A person trying to pay in ASDA in England with a Scottish £20 note, the shopkeeper going “what’s this then?” “That’s legal tender that is, you gotta take it, it’s Sterling and everything”.
But Legal Tender has a very very specific meaning.
Firstly: None of the situations above were concerned in any way with legal tender. The following situation however is:
Someone at the end of a cab ride, trying to pay a £15 fare with a £20 note.
So, what’s the difference between that situation, and the bus fare situation presented above?
Debt. In the first three situations, you were paying for a service or goods in advance of receiving the service or goods. In the cab ride example however, you were paying for the service after having received it. In essence you were attempting to discharge the debt you had incurred.
This brings us to our first conclusion:
Legal Tender applies only when attempting to discharge a debt.
Now, To refine this a bit, Credit Cards are not legal tender. Vouchers are not legal tender. A Bank Transfer is not legal tender. If it was then cabs would have to accept a bank transfer. They (usually) don’t. In fact, Legal Tender applies only to cash – notes and coins.
Picking apart the term itself: To tender is “to offer or present formally”. A legal tender is a legal offer. Thus, Legal Tender is strictly:
An offer (of cash) to discharge a debt that cannot be refused.
Strictly this applies onto to paying money to a court to discharge a debt – it prevents you being sued for non-payment, but the end result is that effectively cash becomes a required way of accepting payment for a debt. There is an important caveat: There is no obligation for change under a Legal Tender situation, so you’d better pay with exact money!
Now, there’s a few restrictions here. So don’t try and pay off a £100 restaurant meal with 5 pence pieces. Because that offer wouldn’t actually be legal tender.
Why? Because there are restrictions on how much each denomination of currency is valid legal tender for.
50p – up to £10
20p – up to £10
10p – up to £5
5p – up to £5
2p – up to 20p
1p – up to 20p
Coins and notes higher than 50p are valid legal tender for any amount.
So far everything I’ve said has been true… For England.
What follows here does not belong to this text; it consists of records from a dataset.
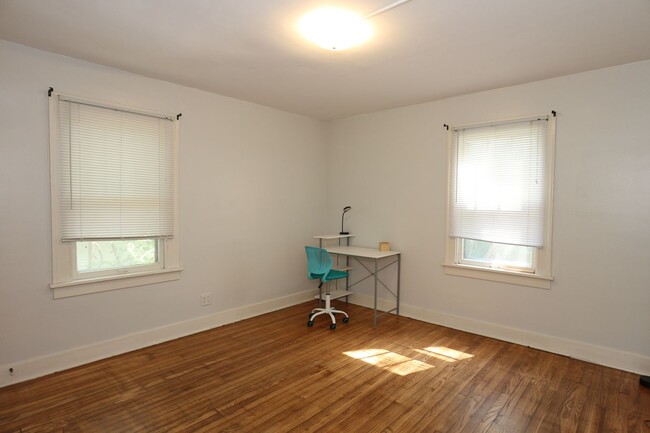 Building Photo - 3 Bedroom Home Near Purdue!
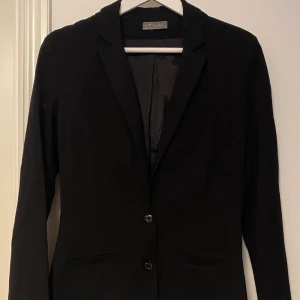 Kavaj - Figurnära kavaj i stretchigt material 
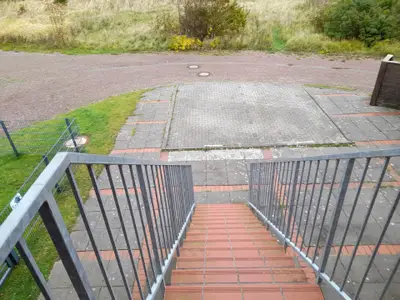 Aussentreppe zur Ferienwohnung mit Autoabstellplatz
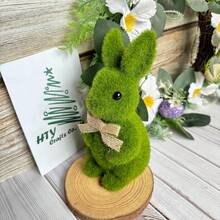 1个园艺兔摆件，春季/复活节装饰，经典植绒园艺兔摆件，高17厘米（6.6英寸），绿色复活节兔子雕像，户外苔藓兔子雕像，节日花园庭院家居派对装饰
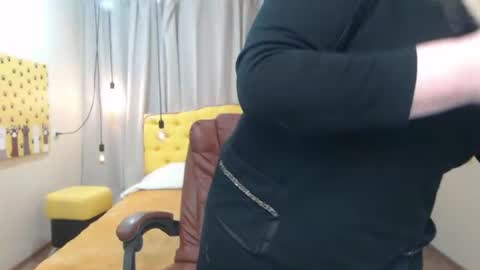 emmaellison924117 online show from April 26, 6:22 am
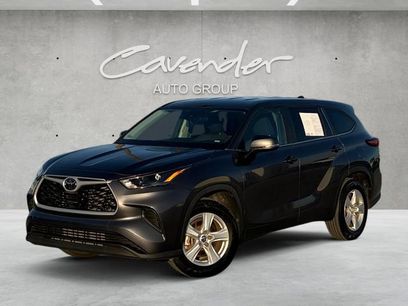 Used 2023 Toyota Highlander L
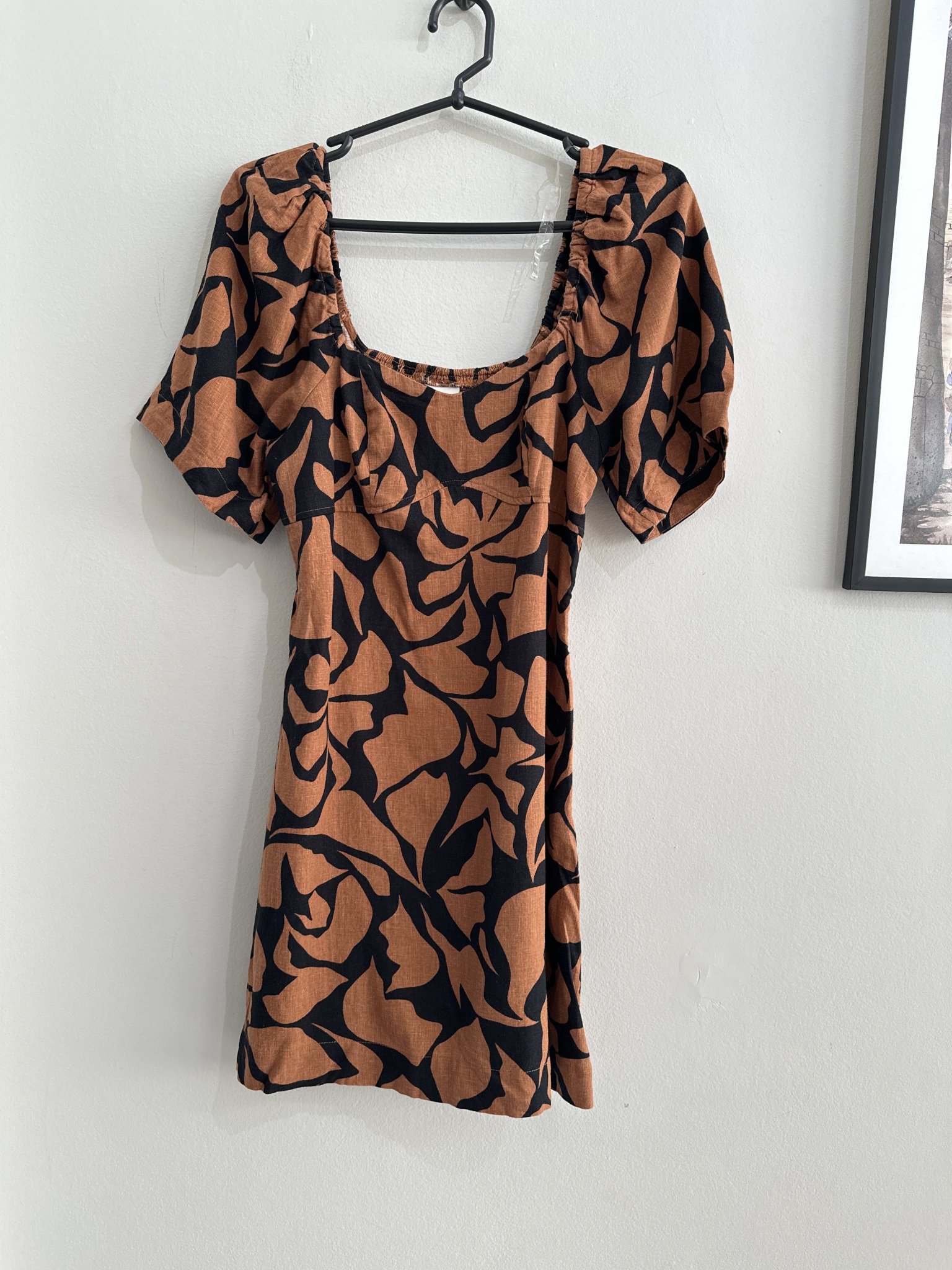 Vestido marrom estampa floral preta m/curta A New Day - P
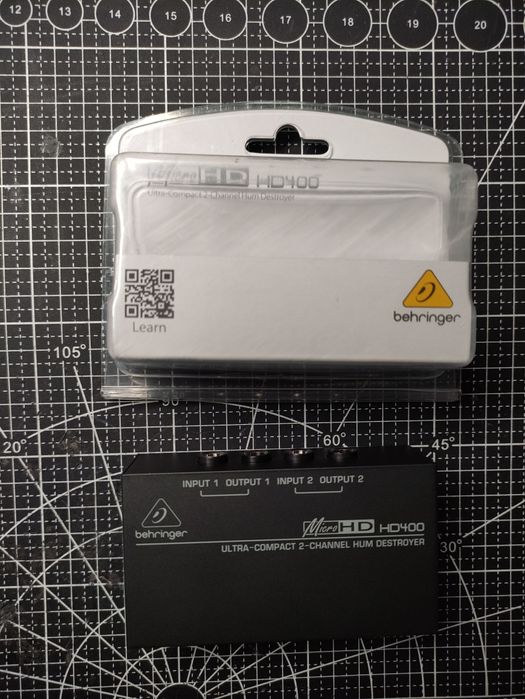 Behringer MicroHD HD400 2-channel hum destroyer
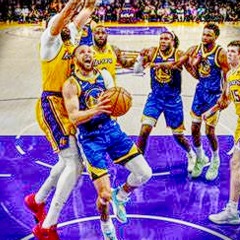 Stephen Curry Half court! 𓄃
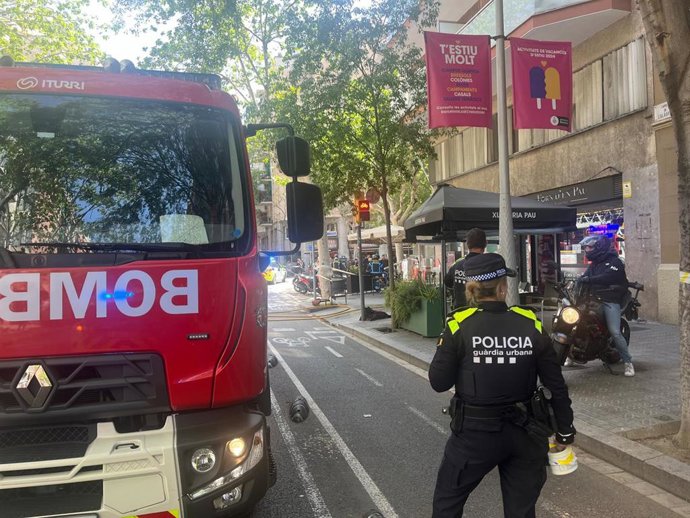 Els Bombers i la Guàrdia Urbana en un incendi d'un restaurant 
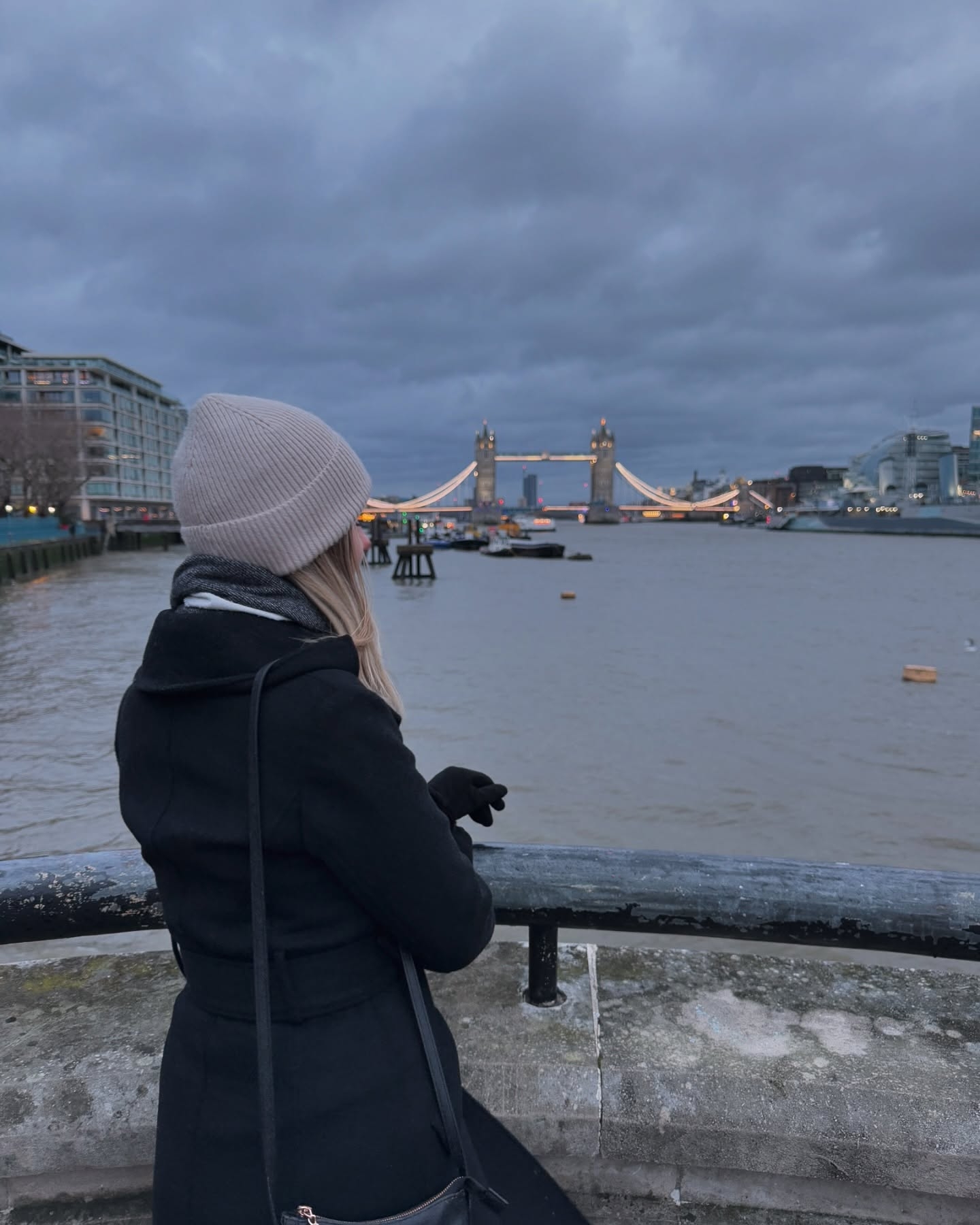 Thames Reflections: A Winter Portrait of Contemplation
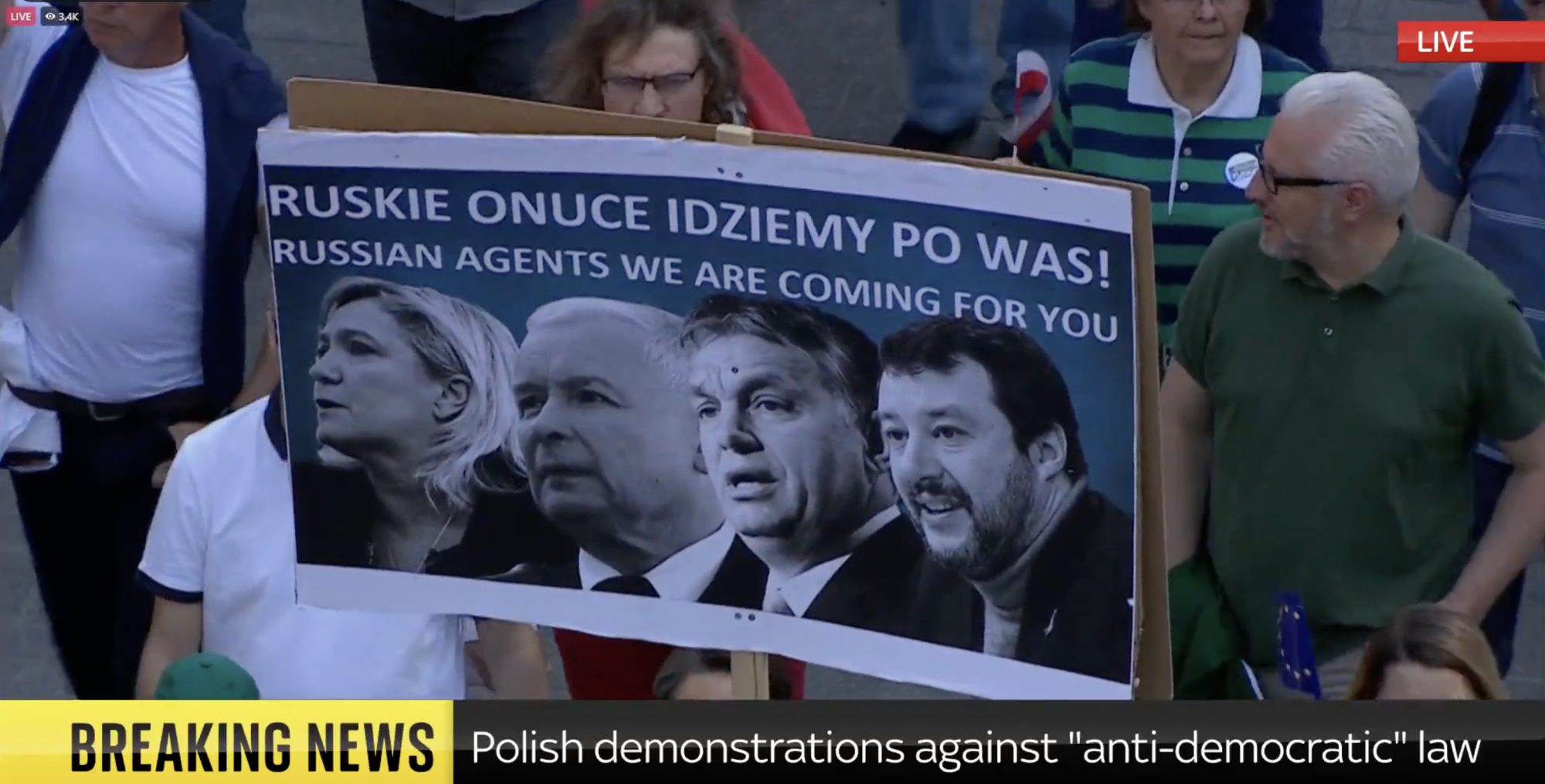 Félmillió lengyel tüntetett a PiS-kormány és az orosztörvény ellen összehívott liberális demonstráción Varsóban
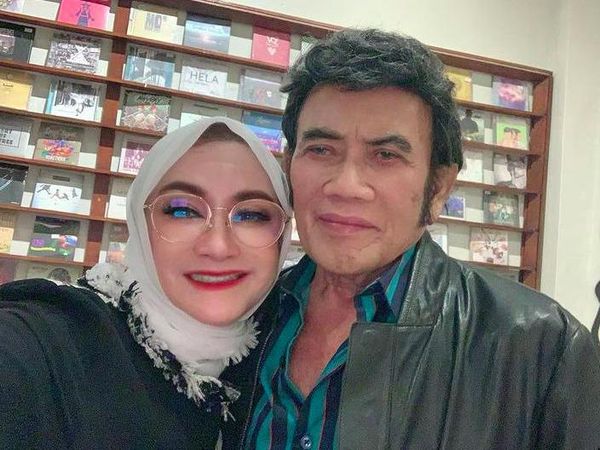 Ricca Rachim Istri Rhoma Irama yang Awet Muda di Usia 62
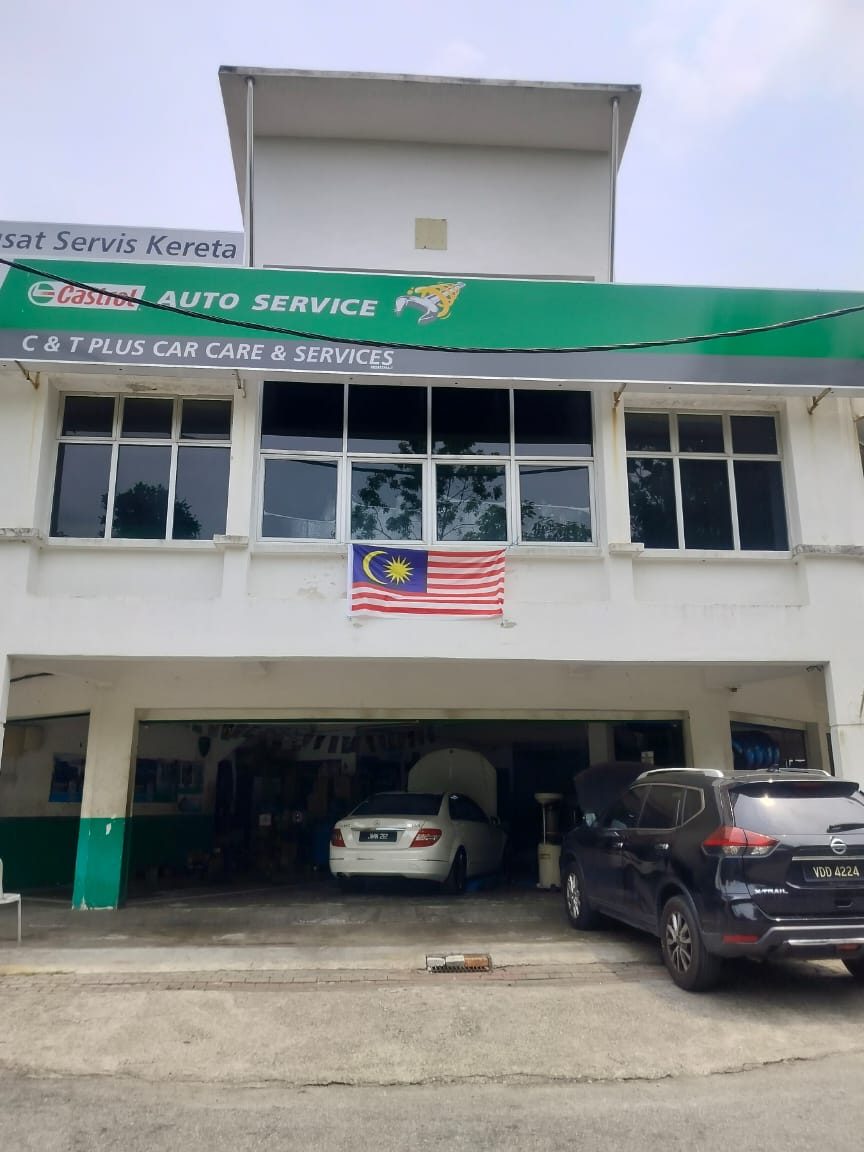 pusat servis kereta top plus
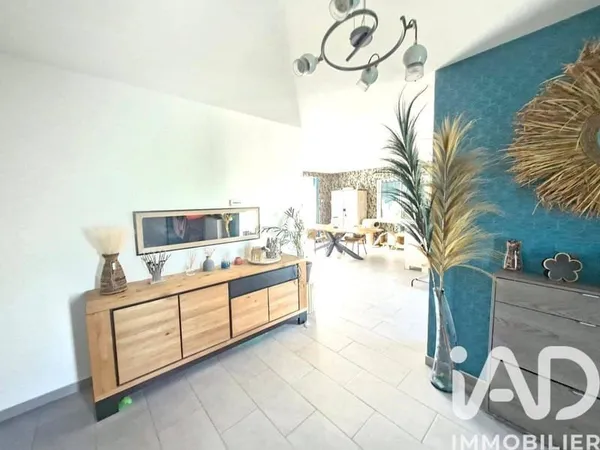 Maison de plain-pied 6 pièces 156 m²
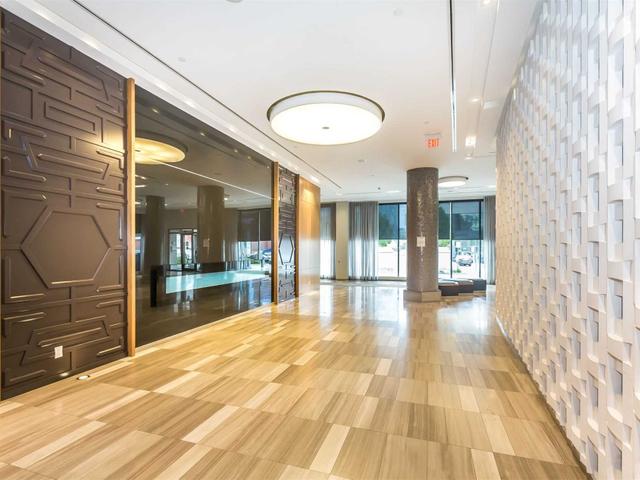 902 - 36 Park Lawn Rd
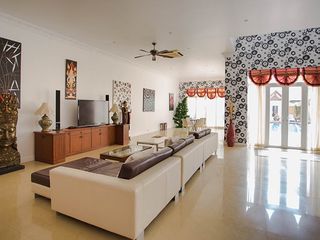 For rent 5 bedrooms house in Bang Lamung, Chonburi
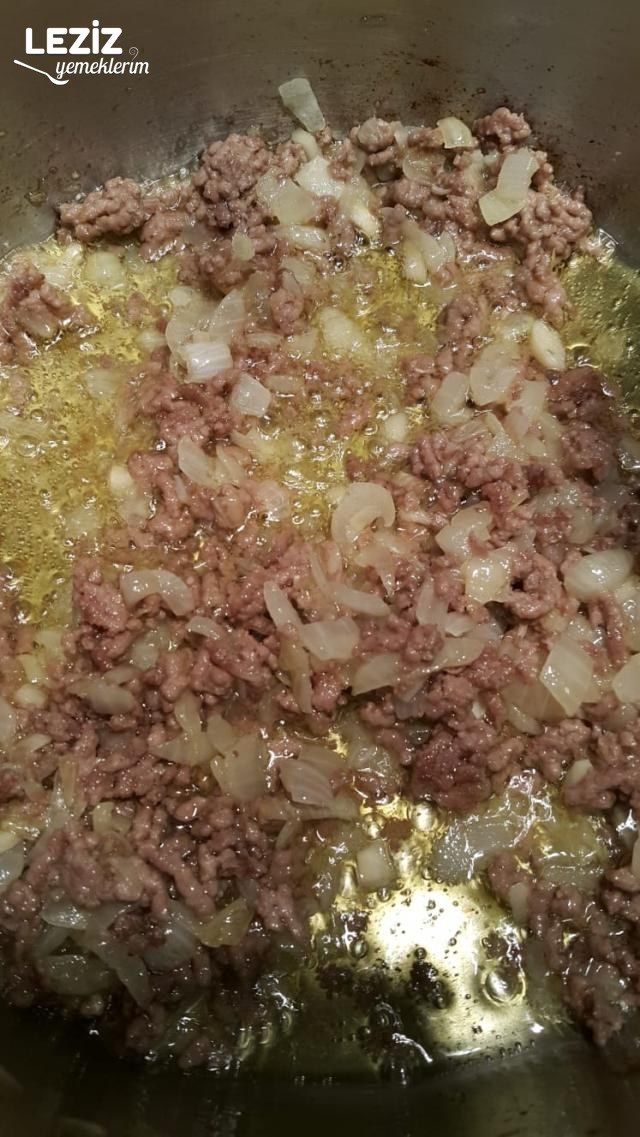 Kıymalı Bamya Yemeği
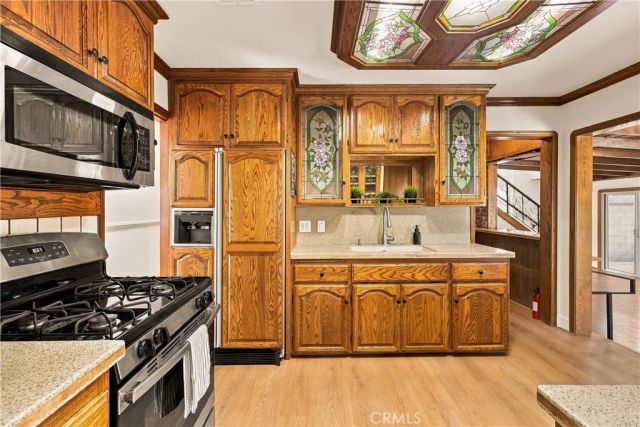 2232 N Valley Street, Burbank, CA 91505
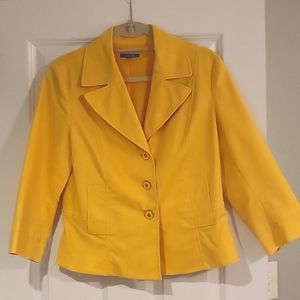 Sunny yellow loose fitting jacket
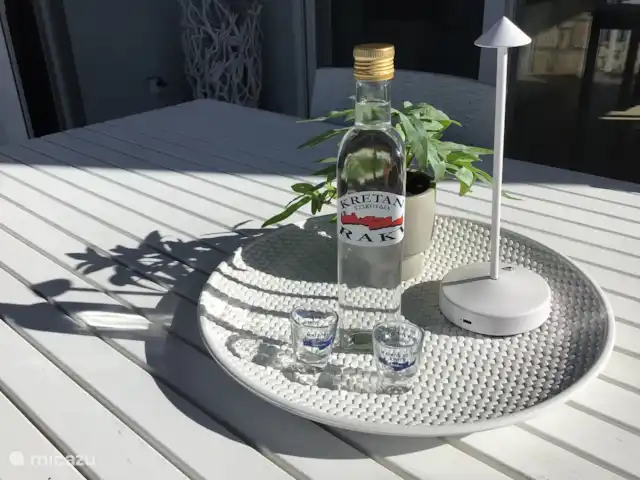 Villa Yavoni, met privé zwembad  huren in Griekenland, Kreta, Loutra - villa Terras van  villa Yavoni , tijd voor een raki.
When you consider Scotland (in particular) things get funky.
Firstly no Scottish Notes are legal tender in England. Only notes from the Bank of England are. Similarly no English notes are legal tender in Scotland – although this is for a different reason – Scotland has no concept of Legal Tender! Instead the creditor must accept any reasonable offer to discharge the debt, so if, for some reason, meters of bubble-wrap became a standard way to pay for things, then it could be construed as a reasonable offer, and thus the creditor would be obliged to accept it to pay off the debt!
There’s one aside I’m going to make here – technically, when I talk about “Scottish Notes” I’m conflating several different notes, because in Scotland  seven retail banks can print notes, that are backed by Bank of England funds. The system for this is that the Bank of England essentially says to the banks “You can print this much money”, with the amount carefully chosen to keep the values between Scottish notes and BoE notes on par.
And now, as a final aside, to that aside. I said that the Scottish Notes are “backed” by the Bank of England. This probably conjured up images of a huge gold vault somewhere underneath central London. Well….. I’m sorry to burst that bubble, but the BoE only has a fraction of gold to “back” the amount of money in circulation. Technically there is no currency on Earth that is backed by anything – all the money on Earth is “backed” by is the value that other people believe it has.  But the loopy idea of fiat money – money without any physical backing to its value, is something for another time. And that, reader, is a nice, comforting note to end the article on…. right?